Britain, GUNS, Individual Rights, Islam, Jihad, Rights, The State

There is no doubt that were an American-born Jihadi stupid enough to perform an act of butchery in public, he would not have left the scene alive as Michael Adebolajo, the butcher from Woolwich, did. US police would have arrived on the scene quickly and that would be it.

As was observed in “Disarmed Brits Can Only Shoot Savage … With A Camera,” there is a lot to be said for “an armed citizenry and an unarmed police force.” Although permitted to bear arms, Americans are nevertheless severely limited in how vigorously they can defend their homes and lives without incurring the wrath of the law.

However, since the US police is not unarmed, as it is in the UK, our homegrown Jihadis are a little more circumspect about carving up a countryman in public, a la Adebolajo.

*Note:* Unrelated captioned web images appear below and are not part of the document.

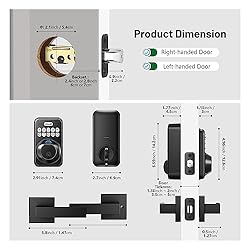 Zowill Fingerprint Door Lock, Keypad Door Lock with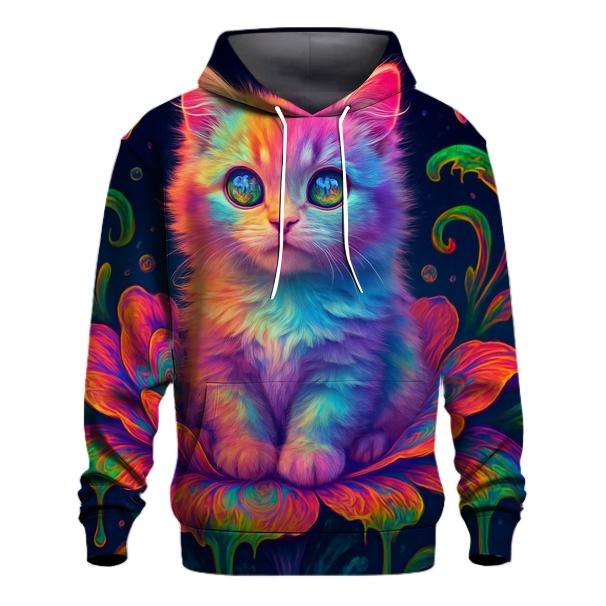 Psychedelic Garden Kitten Bloom premium hoodies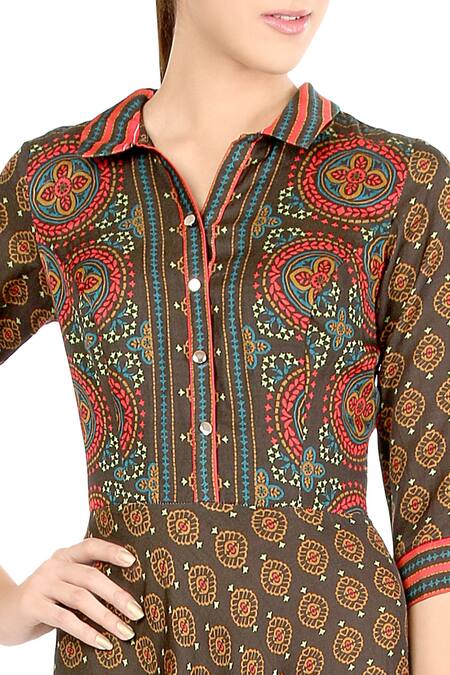 Buy Soup By Sougat Paul Brown Crepe Spread Collar Printed Maxi Dress Online at Aza Fashions Buy_Soup By Sougat Paul_Brown Crepe Spread Collar Printed Maxi Dress_Online_at_Aza_Fashions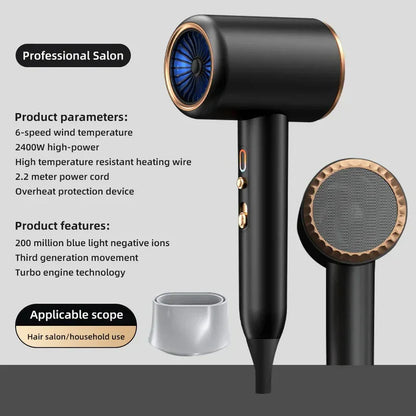 High-Performance Hair Dryer 2400W with Hot and Cold Air Function - Ion Technology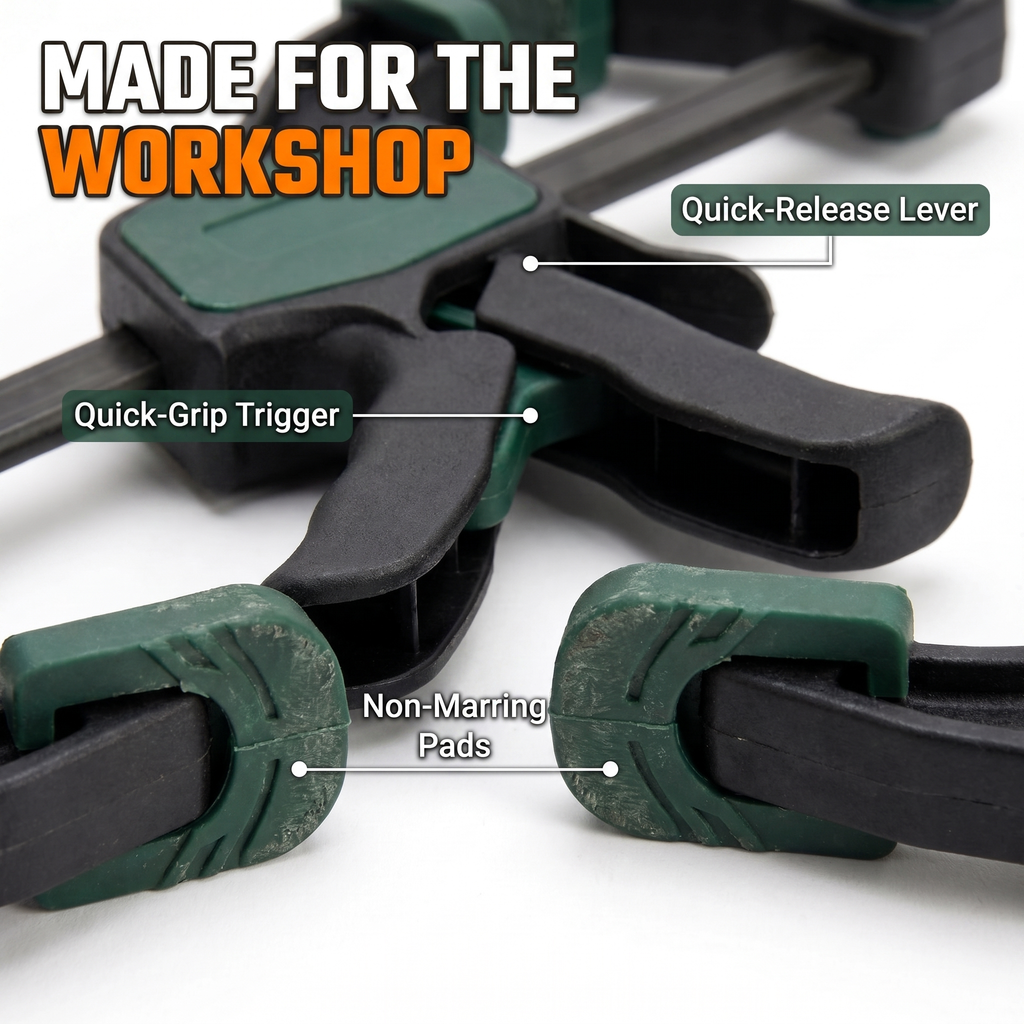 Made for the workshop: quick-grip trigger, non-marring pads, quick-release lever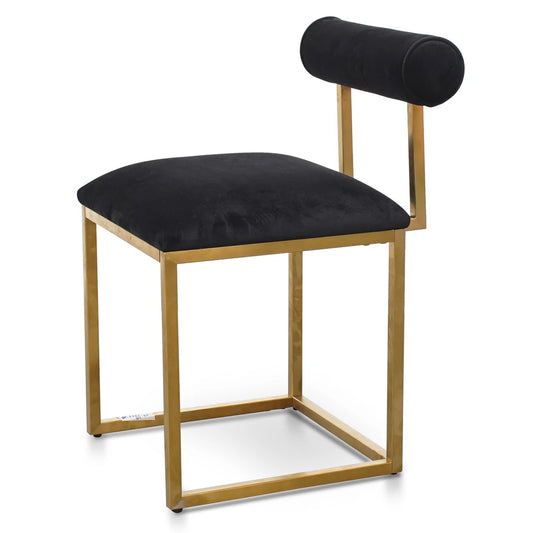 Daisy Black Velvet Occasional Chair - Brushed Gold Base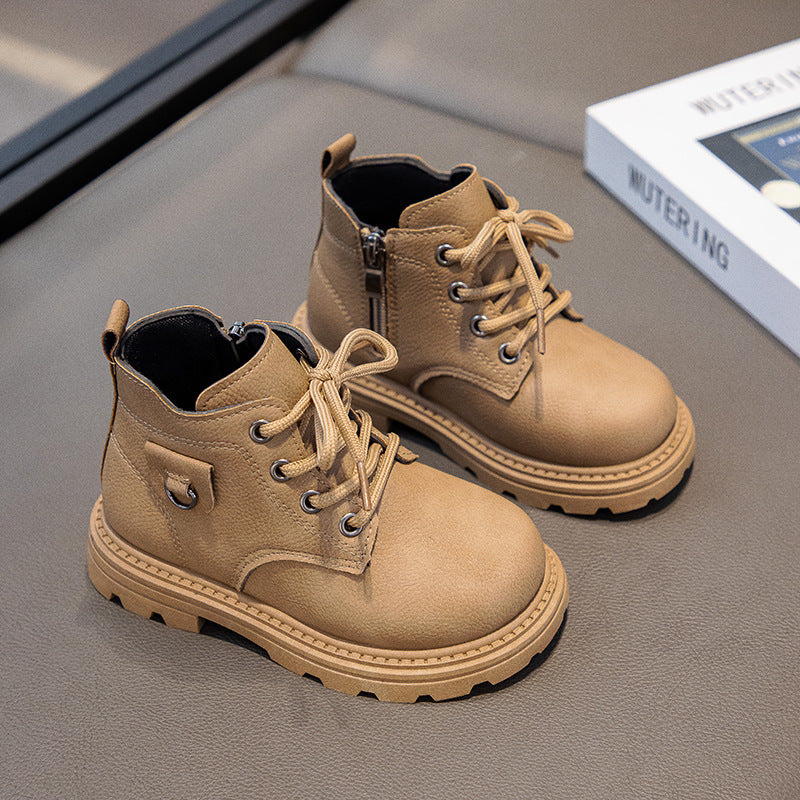 Kids Martin Boots Soft Sole Leather Short Boots Autumn Winter
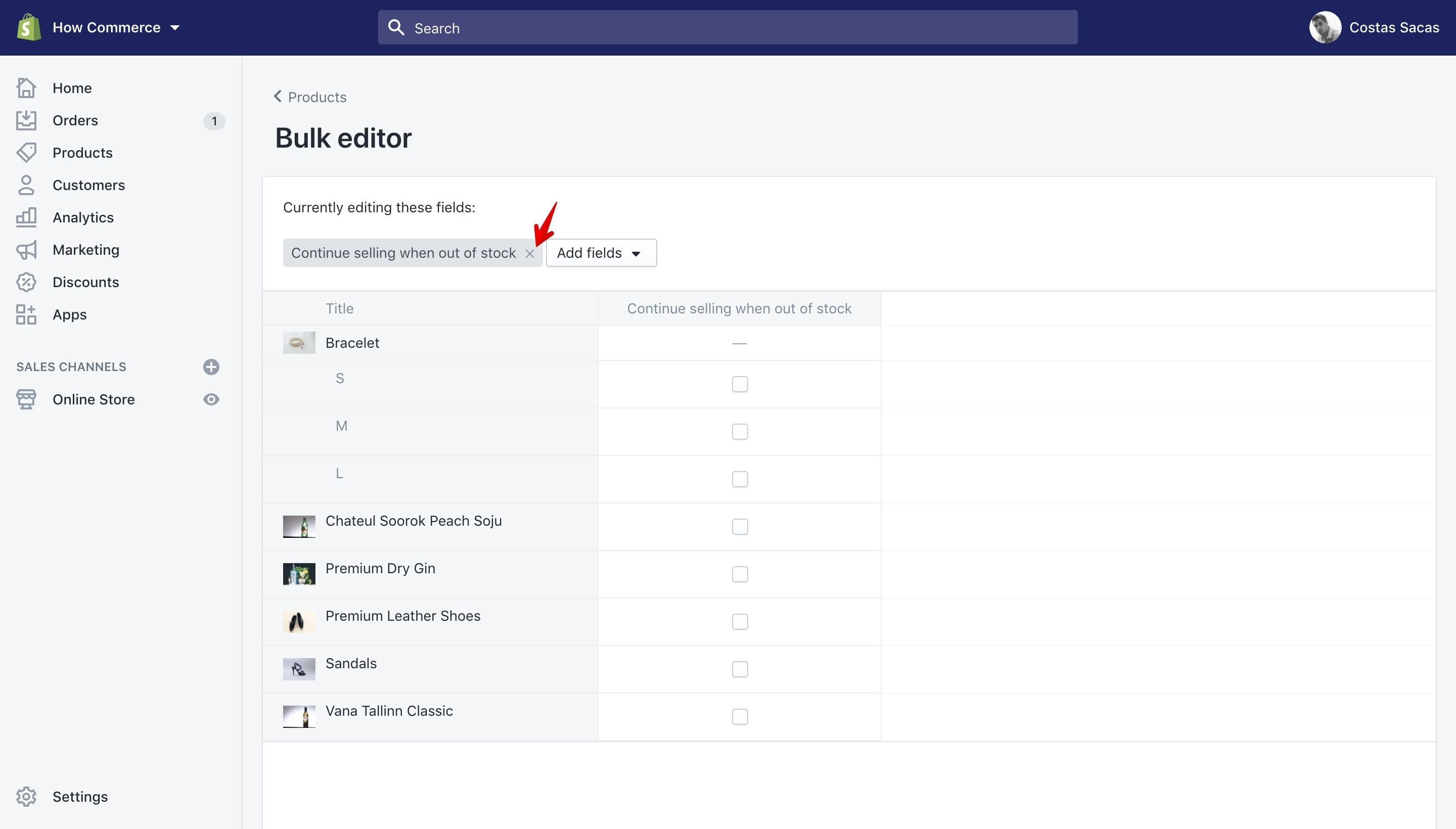 Remove a product property inside the Bulk editor.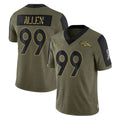 D.Broncos #99 Zach Allen Player Olive Salute To Service Limited Game Qdoa Stitched Jerseys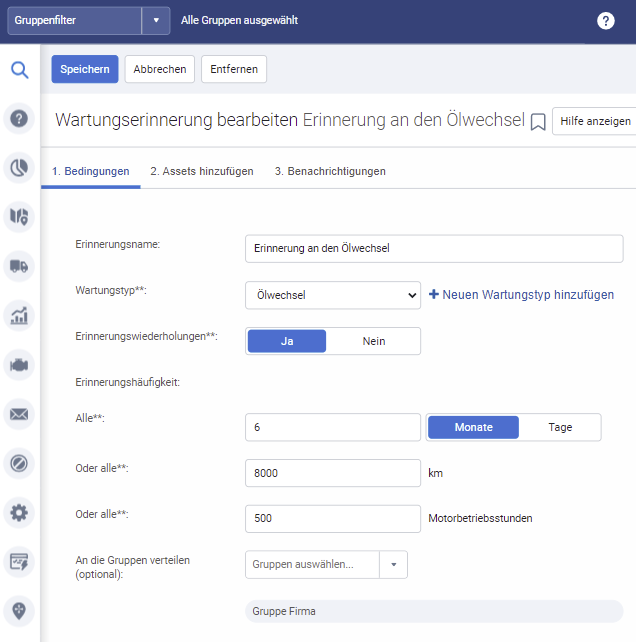 Neue Funktion: Wartungserinnerungen an die Gruppen verteilen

They are still perfectly comfortable setting off remote-controlled explosions.

A day after “Disarmed Brits Can Only Shoot Savage … With A Camera” went up on WND, The Daily Caller asked, “Why did British bystanders watch a soldier get hacked to death?

The DC answered its rhetorical question with a list of regulations imposed in the UK which would prohibit any form of self-defense.

According to the United Kingdom government website, the online storehouse of British government regulations, it is illegal to:
sell a knife of any kind (including cutlery and kitchen knives) to anyone under 18
carry a knife in public without good reason – unless it’s a knife with a folding blade 3 inches long (7.62 cm) or less, eg a Swiss Army knife
carry, buy or sell any type of banned knife
use any knife in a threatening way (even a legal knife, such as a Swiss Army knife)
Folding knives, regardless of blade size, with a locking mechanism are illegal in the U.K. for carry in public and are referred to as “lock knives.” According to British law, “The maximum penalty for an adult carrying a knife is 4 years in prison and a fine of £5,000.”
Pepper spray is also illegal under section 5(1)(b) of the Firearms Act 1968, which prohibits “any weapon of whatever description designed or adapted for the discharge of any noxious liquid, gas or other thing.”
It is illegal to import pepper spray or a stun gun because British law expressly states that pepper spray and stun guns are classified as firearms. Blow guns are classified as “offensive weapons” and are prohibited to own, except for veterinarians or registered animal handlers.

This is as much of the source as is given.